While normal ETH and ERC20 transactions are not too bad, anyone who wants to leverage Ethereum’s capabilities for complex, decentralized computation is suffering.
At the end of the day, yes, this is a great sign that there’s demand for Ethereum as a global settlement layer. But it seems that we’ve made minimal progress in actually implementing significant scaling solutions over the past few years since we last came across this issue – instead opting to increase the block gas limit (block size) and bloating the network.
Luckily, we know that Ethereum 2.0 is on the horizon and will likely kick-off this year with the launch of Phase 0. The downside to that news is that the full network upgrade is still years away from being implemented on mainnet. So we shouldn’t bank on ETH 2 solving the scalability problem anytime soon.
Fortunately, we’ve seen a plethora of Layer 2 scaling solutions come into fruition in recent months. But it’s not all the way there yet. There are still some outstanding issues surrounding liquidity and composability with L2 solutions that add a significant amount of friction. From my limited perspective of L2 solutions, it’s not impossible to solve. It’ll just take some time. That said, we can hope that Ethereum’s dedicated developer community will eventually find a workable solution in the coming future.
Incentives Are Easy to Game, Hard to Design
The past month featured the launch of two prominent yield farming opportunities – BAL and COMP. Both of these launches were highly anticipated, and even more successful.
Both DeFi protocols quickly experienced issues regarding incentive design within days (not weeks) of the protocol launching its “liquidity mining” program.
Balancer is the most notable (and recent) victim. Last night, the protocol saw a massive inflow of liquidity in a fake token led by a relatively prominent CEX, FTX Trading.
Balancer uses CoinGecko price feeds to calculate liquidity in pools. Big players like FTX have the power to arbitrarily create an asset and a price feed on CoinGecko, allowing them to deposit $100M in liquidity in “USDT BEAR” and “USD HEDGE” tokens and soaking up over 50% of the weekly BAL distribution.
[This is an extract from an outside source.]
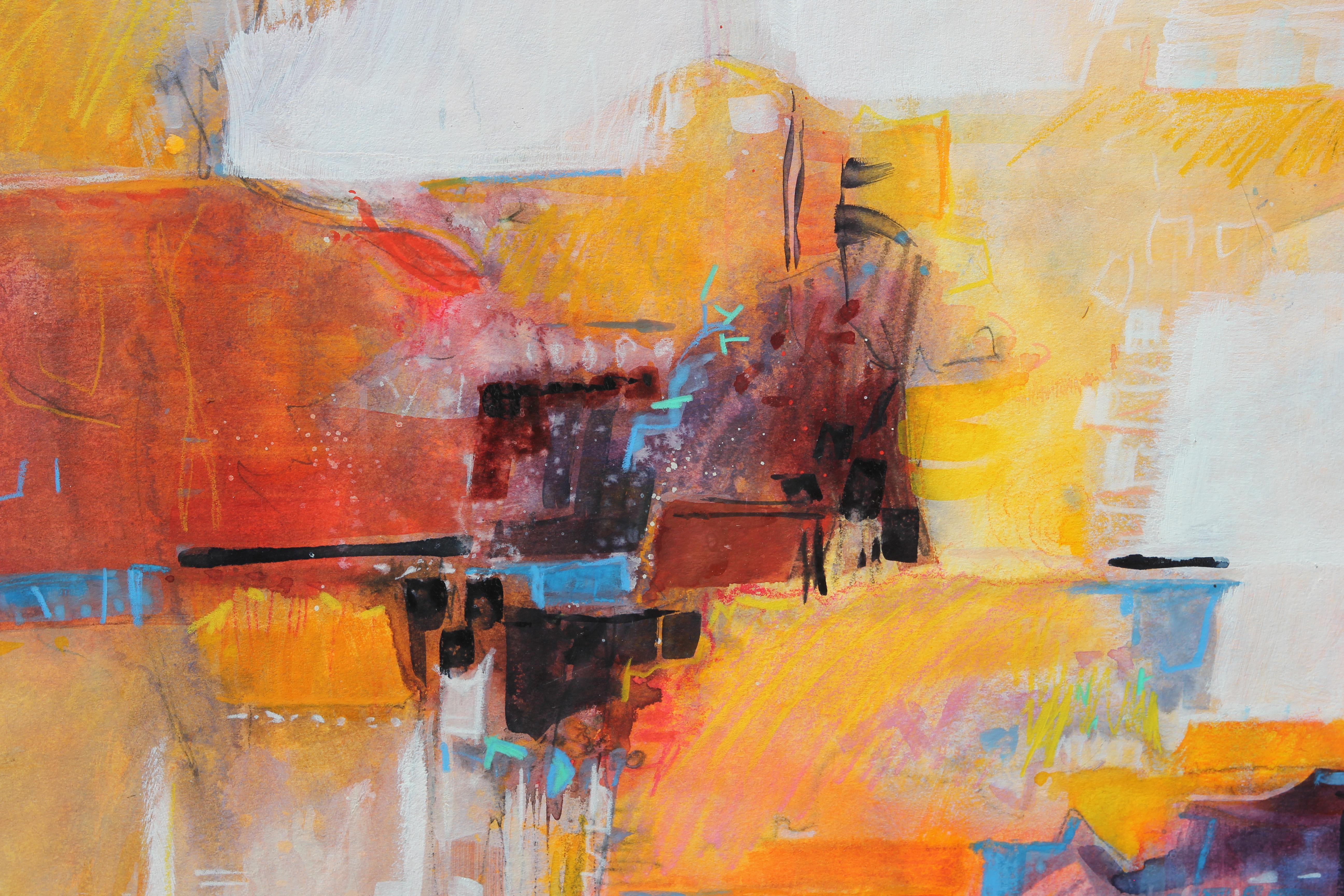 Yellow, orange, and red modern abstract mixed media painting by Texas artist Carole Myers. The work features expressive strokes of bright colors loosely forming a panoramic view of Cuernavaca, Mexico. The piece is signed in the front lower right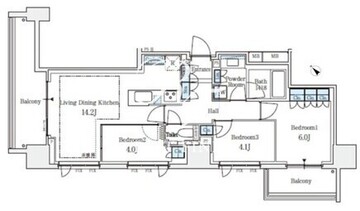 パークタワー大森 2101 間取り図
Updated with response from FTX CEO:
For Compound, the incentive issues largely surround “crop rotations” and how users are flooding in and out of different markets in order to maximize their COMP earnings. The most recent victim of crop rotations – BAT – is offering insanely high APYs on both sides of the market (lending and borrowing). This is leading a lot of users to supply BAT as collateral (lend) and using its borrowing power on other assets in the protocol. The unexpected consequences of yield mining have led Compound to have concerning levels of liquidation risks as over $200M of the protocol’s assets are backed by a highly nascent, volatile, and illiquid asset.

Closing Thoughts
Despite only being 1 week into the yield farming mania, there are already issues coming to light. For many, it’s bringing back memories (good and bad) from the past crypto bubbles. It’s also a glimpse of what’s to come.
Yield farming is only going to get more complex, providing more attractive returns for farmers willing to get their hands dirty. We’re already seeing hints of this with the Curve BTC pool which incentivizes liquidity providers with multi-asset rewards in SNX, REN, CRV, and BAL.
We’re only scratching the surface for the potential of composable yield farming. This is almost certainly the beginning of a period of speculative mania – one that is already driving crypto assets to highs not seen before.
As we’re already starting to see, we’ll have our issues along the way. Dan Elitzer stated it really well in a piece earlier this week:
There are likely to be hacks, exit scams, short-term asset price manipulation to cause liquidation cascades, and a whole host of other ways in which people (and likely some professional funds) lose a lot of money. With the natural interconnectedness of many of these protocols plus the massive financial incentives of liquidity mining to stack them as deeply as possible, it’s possible that the whole thing comes crashing down.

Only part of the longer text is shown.